An imperative to solve the fragmentation problem

It’s true that developers need to make progress in the existing, heavily fragmented mobile world, without waiting for the fragmentation to be solved.

However, this doesn’t mean the mobile industry should stop worrying about the drawbacks of excess fragmentation.  The effort that people have to put in to bridge different fragments of the mobile world is effort that would be better placed providing direct benefits to users.

  • For example, suppose that a developer puts 40 units of effort into the platform-independent logic of an application, and then another 30 units of effort for each adaptation of the application to a different mobile operating system platform.  To cover six different mobile platforms would require a total of 220 units of effort.
  • Imagine, instead, that the developer could use an intermediate platform that would cover all these operating systems.  Suppose in this case that the adaptation to the single intermediate platform consumes 30 units of effort (on top of the 40 units for the platform-independent logic), and then the developer prefers to add a little polish for each of the different operating systems.  If the intermediate platform is doing its job well, this final polish ought be require something like just 5 units of effort each time.  That makes a total of 100 units of effort.
  • The net saving of 120 units of effort can then be applied to developing v2 of the application, or to some other quite different project, rather than wrestling with different mobile operating systems.
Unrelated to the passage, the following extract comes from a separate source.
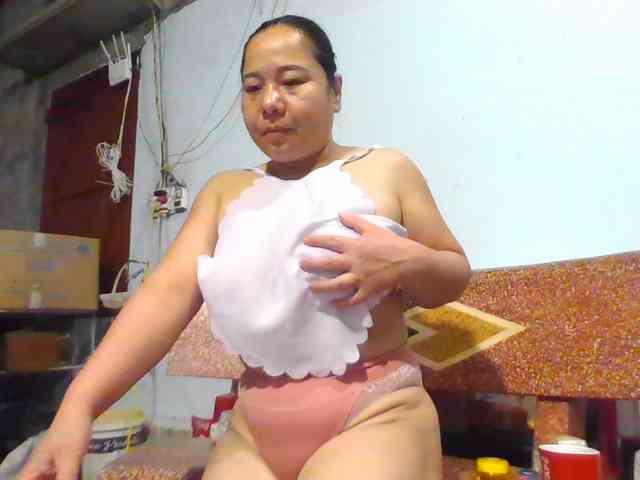 SexyQueen86 webcam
So whilst we advise developers that their approach to fragmentation should be to “Cope with it”, we should be vigorously campaiging at the same time for rapid progress towards meaningful standardisation of fit-for-purpose intermediate platforms.

The problems that need to be solved

I’ll end with some remarks about the main issues that this standardisation process (whether formal or informal) needs to solve:

  1. Performance – especially battery usage.  This includes coping with applications that want to run in background (potentially draining batteries).
  2. Functionality – so that the intermediate platform provides access to the really interesting parts of the functionality of the mobile device and the mobile networks.
  3. Security – to avoid applications wreaking havoc with user data (especially when these applications have accesss to advanced functionality of the device and network).
  4. Device reconfiguration – to cope with the fact that the “one box” design of most smartphones today is going to be replaced by “multi-component” designs over the next 3-7 years, with new roles for detachable screens (and more).
  5. Business models – to ensure that there are enough ways for applications to be economically viable (rather than just technically viable).
  6. Speed of standardisation – so that the big picture of “a rising tide lifts all boats” prevails, rather than the process becoming bogged down in smaller scale turf wars and filibustering.
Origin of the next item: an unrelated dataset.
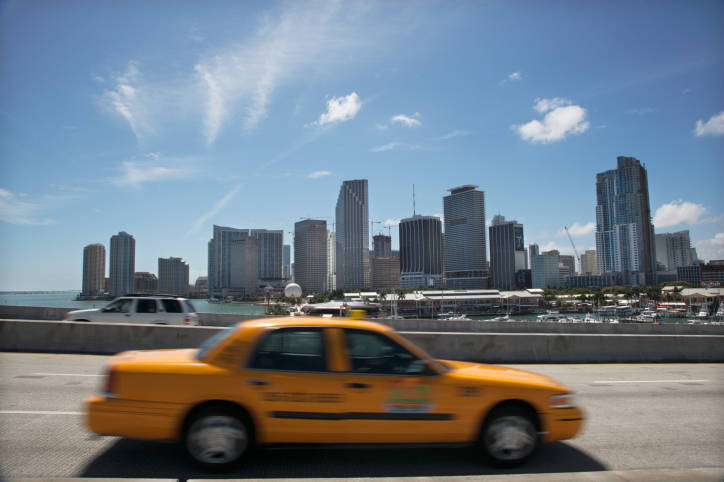 Triunfa en Miami Beach un servicio de taxis gratuitos a cambio de publicidad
On the last point, history might just show that the single most significant announcement at Mobile World Congress was about the formation of WAC – the Wholesale Application Community:

A number of the world’s leading telecommunications operators and device manufacturers are launching an open global alliance, that will establish a simple route to market for developers and provide access to the latest and widest range of innovative applications and services to as many customers as possible worldwide.

Together, we have signed a memorandum of understanding with the aim of building an environment or ’wholesale applications community’ where innovative applications can be developed irrespective of device or technology.

The new alliance, which represents more than three billion customers worldwide is inviting players from across the ICT industry, not only operators and developers, but also handset manufacturers and internet players to join forces to create an initiative based on openness and transparency. We believe this model presents the most compelling format on the market where developers will thrive and customers will reap the benefits of greater choice.

The mobile industry doesn’t have a great track record for working together quickly in this way.  However, more people than ever before in the industry are aware of the likely price of failure.